#### Data provided:
▼

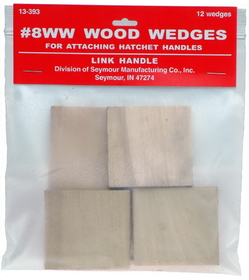 Link Handles 64157 No. 8Ww Wood Wedges For Hatchets, 12 Wedges Per Pack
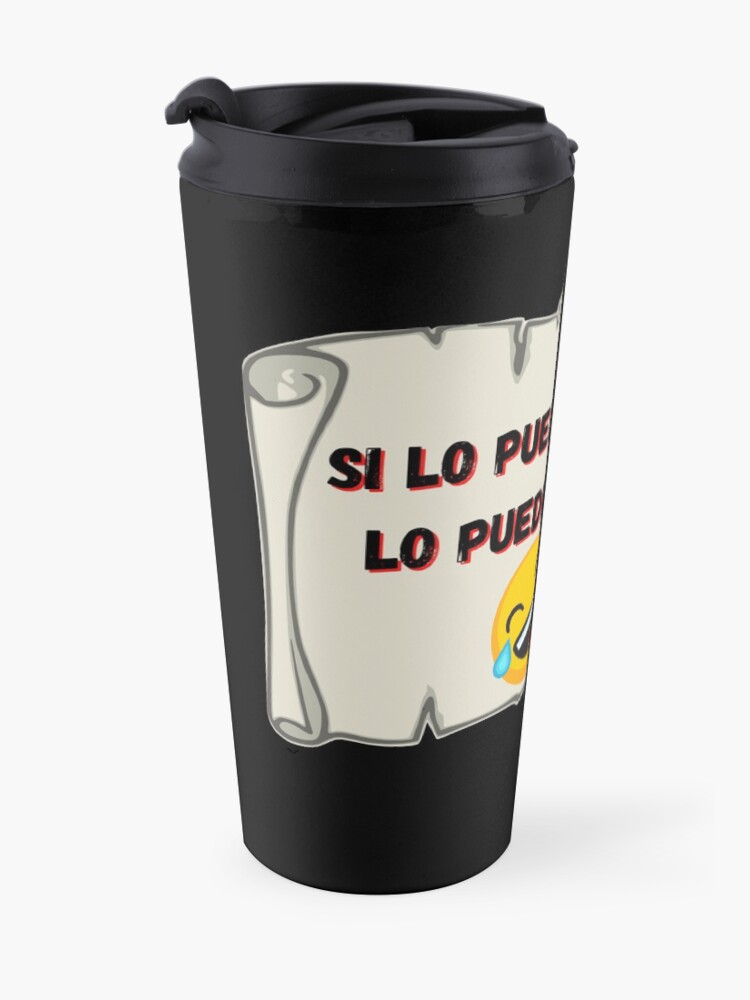 Vista alternativa de Taza de viaje Si lo puedes soñar, lo puedes hacer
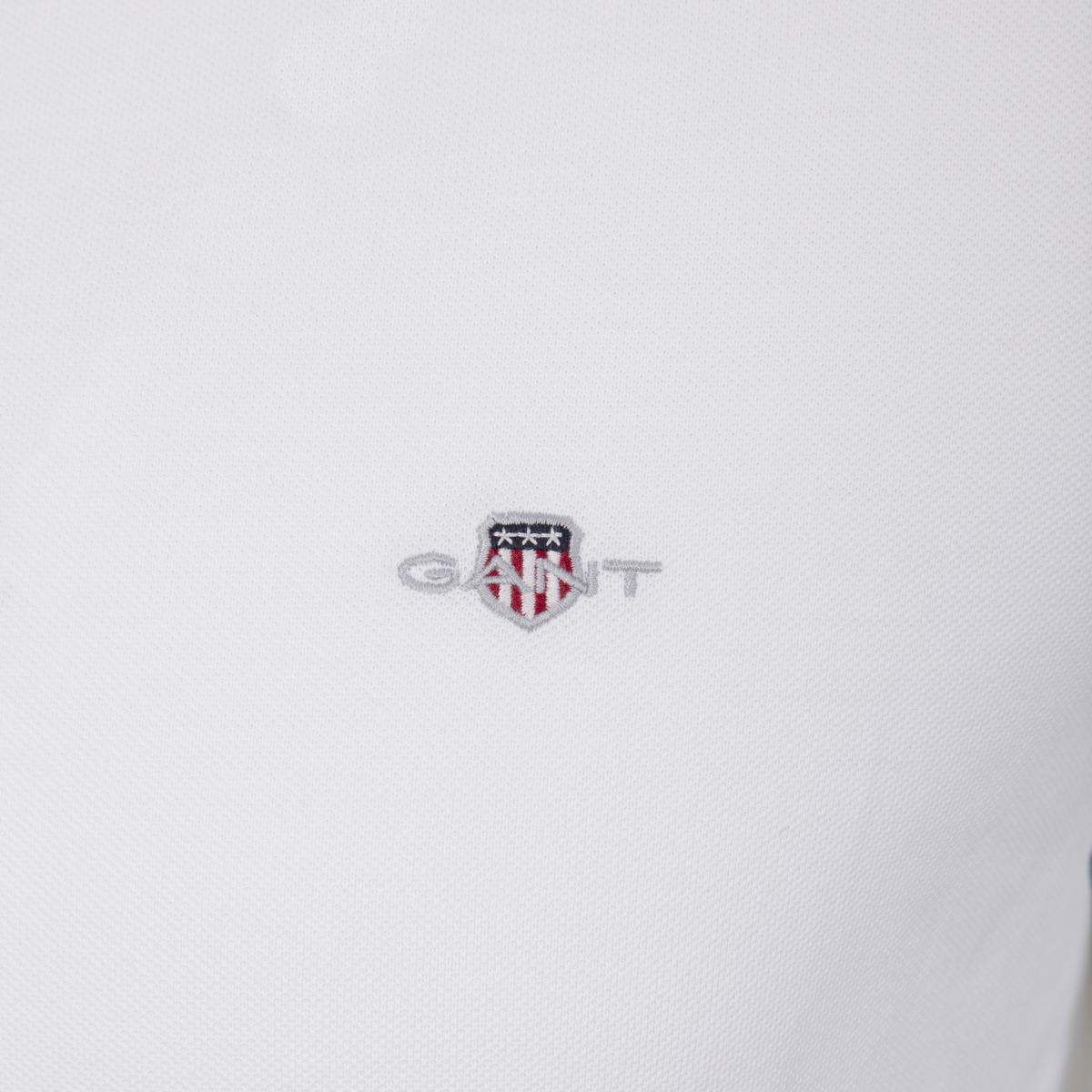 GANT Reg Shield SS Pique Poloshirt weiss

▲

#### Try it:
Reproduce the whole listing word for word, setting aside any pictures.

#### Result below:
 Link Handles 64157 No. 8Ww Wood Wedges For Hatchets, 12 Wedges Per Pack
 Vista alternativa de Taza de viaje Si lo puedes soñar, lo puedes hacer
 GANT Reg Shield SS Pique Poloshirt weiss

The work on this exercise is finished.